Tai was actually born ‘Eileen Isaac’ to a third-generation Chinese family in Trinidad, whose origins were in Xinhui, Guangdong Province, and only assumed the name Tai (also ‘Dai’) when her teacher Anton Dolin asked for her Chinese name, and her mother suggested Tai after her father’s nickname, Ah Tai (Ah Dai).
In London, Tai was inspired to create and choreograph her own imagined Chinese dances, and was given a small role as a Chinese Dancer in the film, ‘The Wife of General Ling’, which today provides the only archival recording of Tai’s dancing from her time in London.
After reading Edgar Snow’s ‘Red Star Over China’, she was inspired to move to Hong Kong, where she premiered her dance, ‘East River’ to raise funds for the war effort against the Japanese invasion.

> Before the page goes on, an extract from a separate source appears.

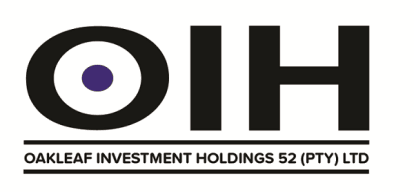 Oakleaf Investment Holdings 52 (OIH)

She soon moved to mainland China, where she made it her mission to study Chinese folk dance and opera. After the founding of the People’s Republic of China in 1949, Tai was made deputy director of the Central Song and Dance Ensemble, and in 1954 was elected Principal of the new Beijing Dance Academy and Director and Adviser to the Central Ballet of China.
Tai created dances with a strong national identity, including ‘Dance of Lotus Flowers’ (based on a Shaanxi folk dance) and ‘Flying Apsaras’ (inspired by the Dunhuang murals), both now classics of 20th-century Chinese dance. With a hiatus during the Cultural Revolution between 1966–1976, it wasn’t until the 1980s that Tai regained her place and due influence in Chinese dance.
Hedwig Pillitz was born in London to Hungarian Jewish émigrés, Arpad Armin Pillitz (1867-1947) and Josephine, née Fischer (1876-1965). She had two younger siblings, Doris (1905-1959) who became a successful stage actress, and George (1909-1981). They lived at 80 Canfield Gardens in South Hampstead, and it was there that the girls attended South Hampstead High School. By the 1920s Doris was studying drama at the Central School of Speech & Drama and Hedwig had exhibited works at the Paris Salon. It’s logical to assume that she may well have studied art in Paris. In 1924 she exhibited her first portrait at the Royal Academy Summer Exhibition, a portrait of ‘Madamoiselle Y’, possibly depicting the portrait photographer Yevonde (Yevonde Philone Middleton, née Cumbers (1893-1975)).
By 1926, Hedwig not only had a painting at the Paris Salon, she was also exhibiting a still life of flowers at the Walker Art Gallery in Liverpool. Nonetheless, portraits seem to have been her passion. She established her studio at 29 Abercorn Place in St. John’s Wood, painting a range of Bohemian and artistic sitters – fellow artists, writers, actors and models, including Marguerite Kelsey, a professional artist’s model most famously painted by Meredith Frampton (Tate Britain), the artist and novelist Barbara Comyns (with FEFA), Shulamith Shafir, a Ukrainian-Jewish concert pianist who made her London debut in 1936 aged just thirteen (Private Collection), and the actress Dorothy Black (V&A, London). By 1940, when Pillitz exhibited the portrait of Tai Ai-lien at the Royal Academy’s Summer Exhibition, she was represented by The Rowley Gallery on Kensington Church Street, London.